Do you follow ‘Barbie’ on Instagram? If not, you may have missed some ground-breaking toy industry news. Just announced on May 11, 2022, Barbie shared via the social platform that upcoming additions to Barbie’s Fashion Doll line will focus on disability representation and diversity inclusion. This includes a Barbie with a behind-the-ear hearing aid and a Barbie with a prosthetic leg; plus, a Ken doll with vitiligo, a condition where the skin loses pigmentation and appears blotchy.

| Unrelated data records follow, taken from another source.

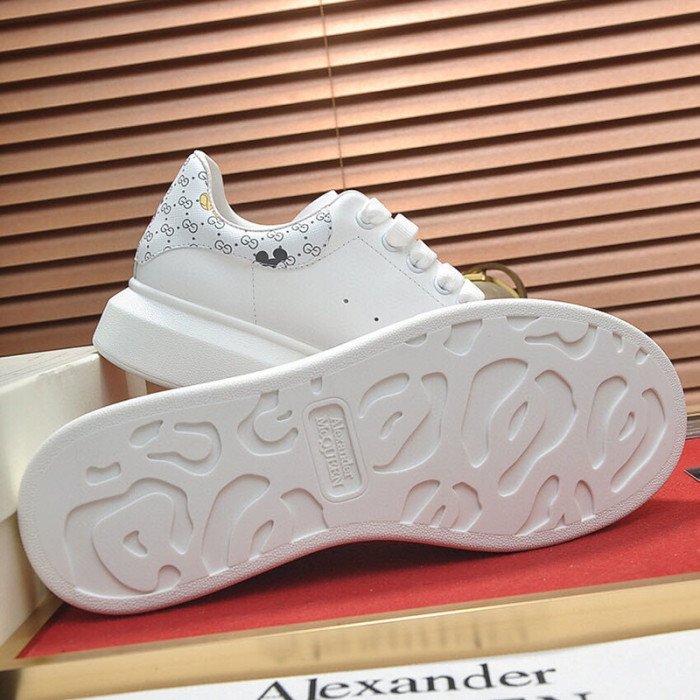 Alexander McQueen Womens Mens Shoes Fashion Sneakers Unisex Design Luxury Brand Oversized Sneaker with Box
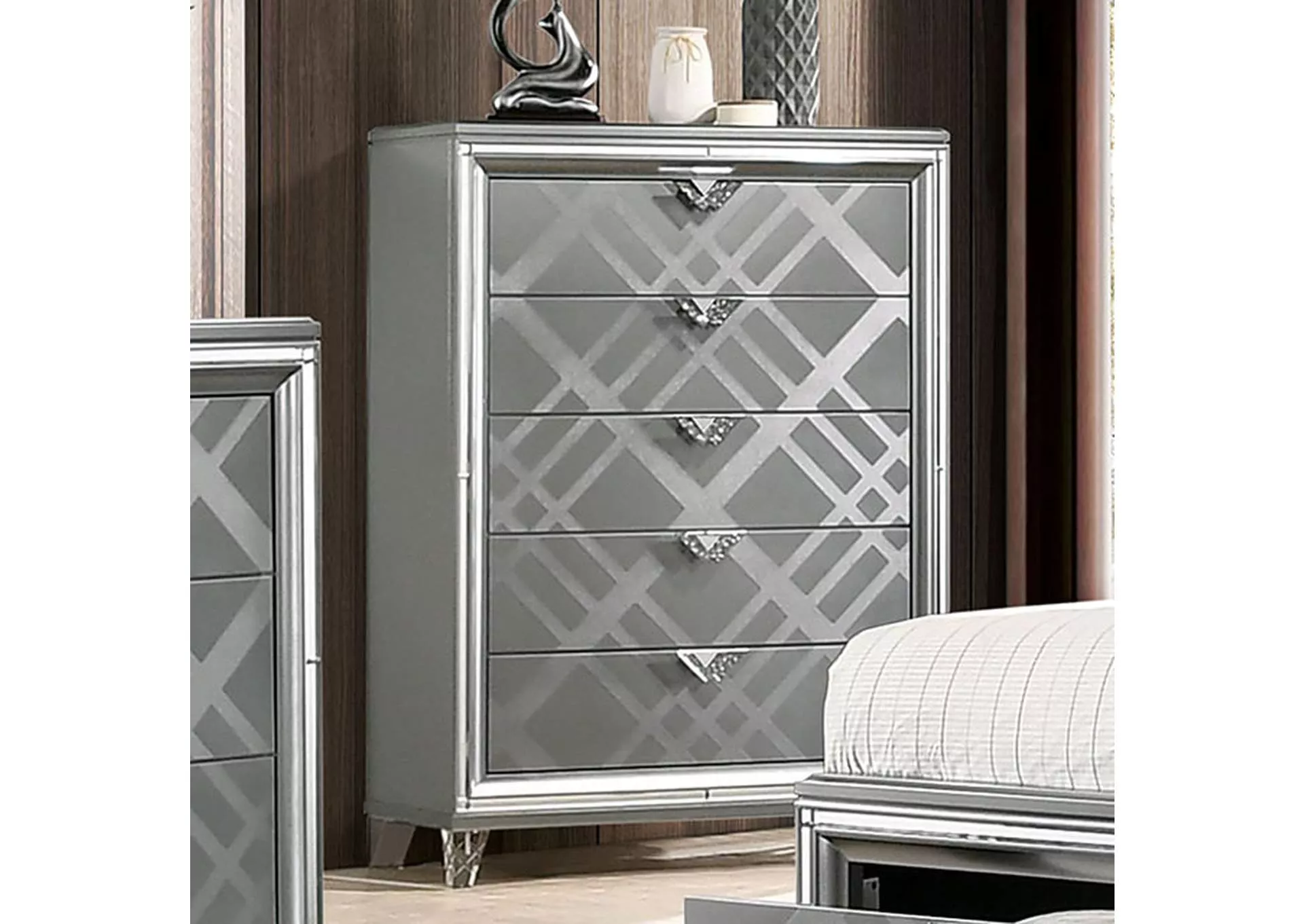 Emmeline - Chest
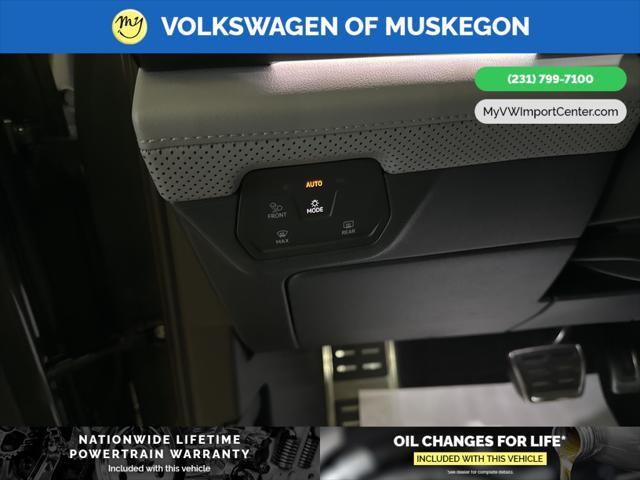 new 2025 Volkswagen Atlas car, priced at $46,854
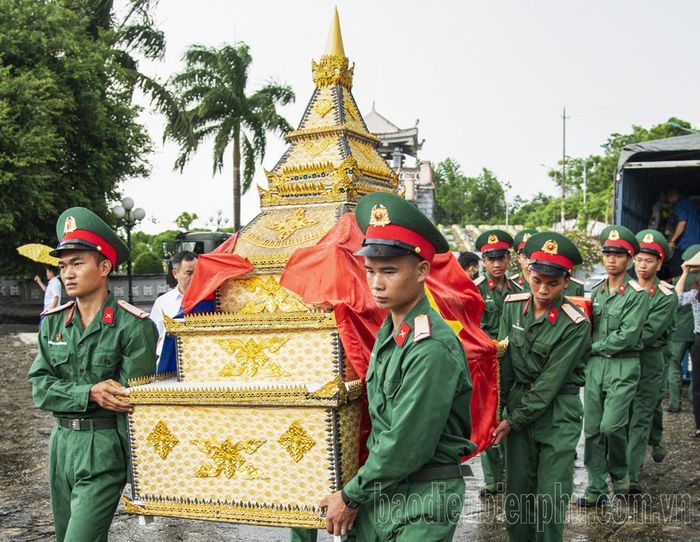 Hài cốt của các anh được để trong quan tài truyền thống của nước bạn Lào và phủ quốc kỳ 2 nước.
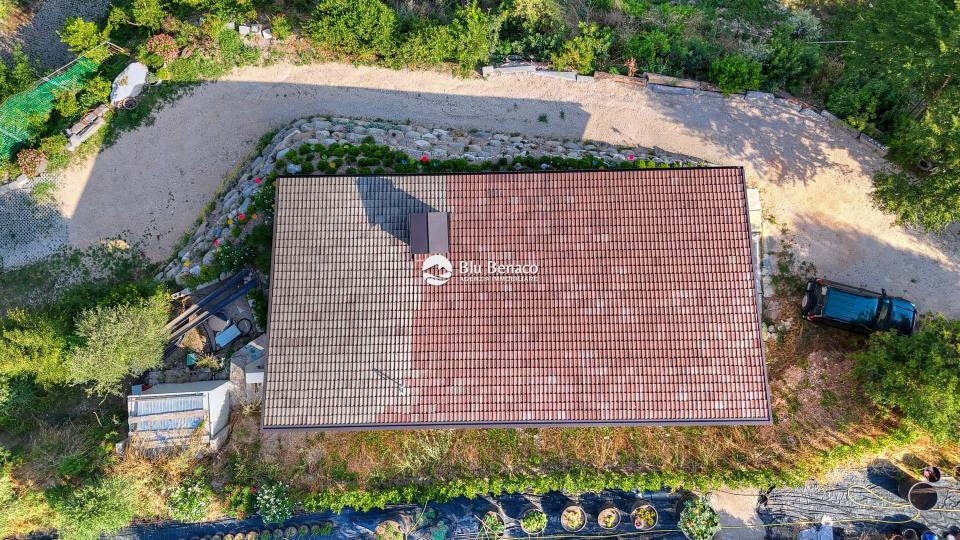 Unmissable property for sale in Toscolano
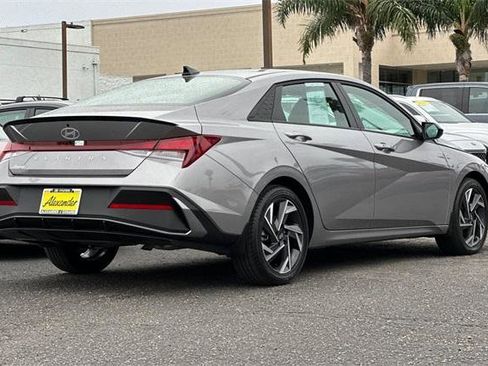 Certified 2025 Hyundai Elantra Sport image 4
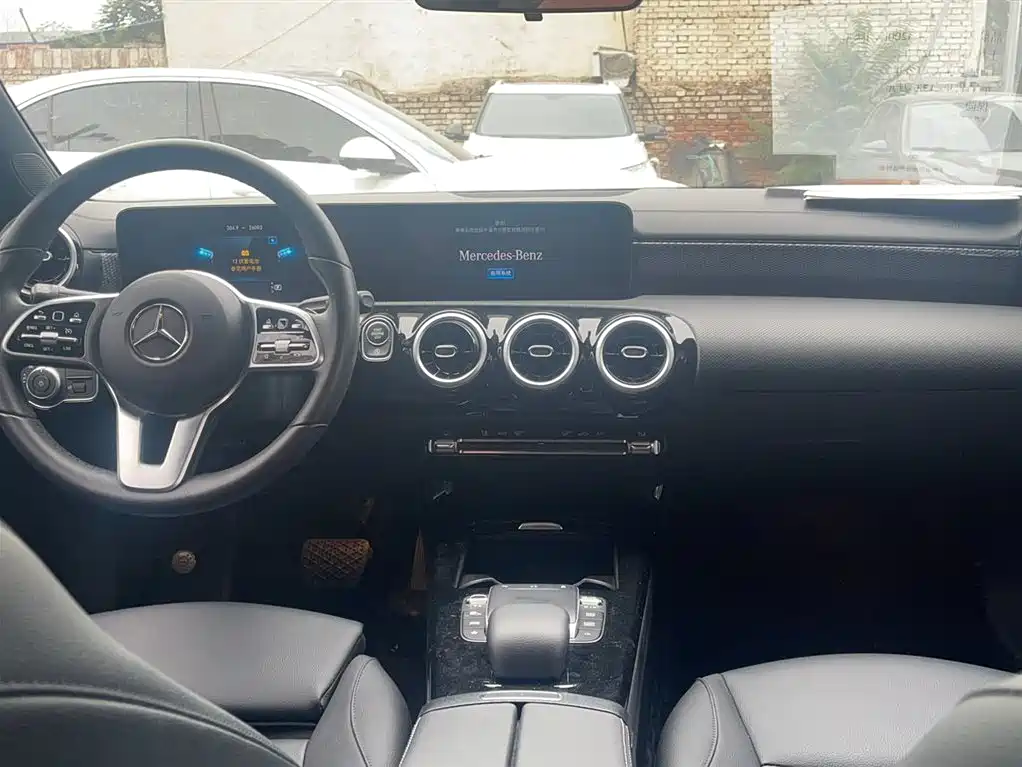 Mercedes-Benz A-Class 2023 — фото 15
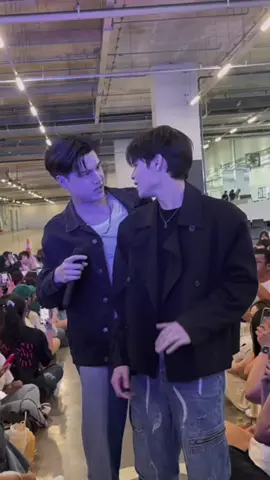 ปูนๆ เสื้อพี่สวยไหมมม~ ปล. เสียงแหบมาก ขออภัยมาณที่นี้ด้วย 🤣 #marcpoon #marcmc #poon_mit12 #AouBoomMarcPoonxBookFair2024 #GMMTVxBookFair2024 #GMMTV 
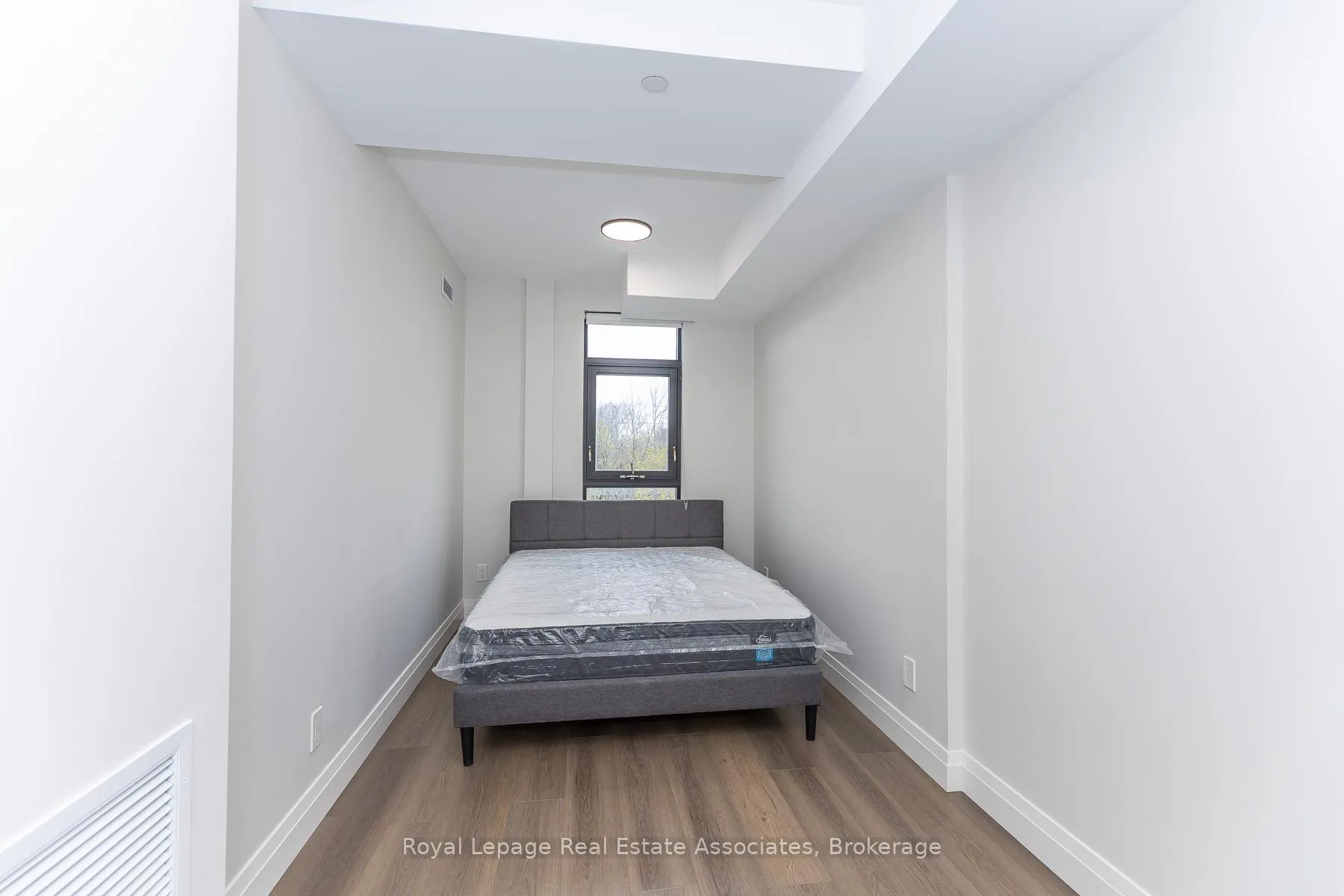 Photo 19 of Unit 401, 1000 Bathurst Street, Toronto, The Annex — HOMEH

The line will also integrate other aspects of inclusion, such as various body types and hair textures. In fact, a company statement described the upcoming line as its “most diverse and inclusive doll line.”
Lisa McKnight, EVP, Global Head of Barbie & Dolls Portfolio at Mattel, also shared, “Our Barbie Fashionistas line features a range of skin tones, body types and disabilities to reflect the diversity kids see in the world around them. Knowing that kids’ early childhood experiences help shape how they perceive the world, we are dedicated to reflecting a multi-dimensional view of beauty and fashion in our dolls.”
Initial consumer response appears to be overwhelmingly positive. One Instagram respondent, for example, said: “As someone who grew up with Barbie being her favorite toy, collects Barbie as an adult, and has worn a hearing aid since the age of five…..THANK YOU!!!! This brought tears to my eyes.”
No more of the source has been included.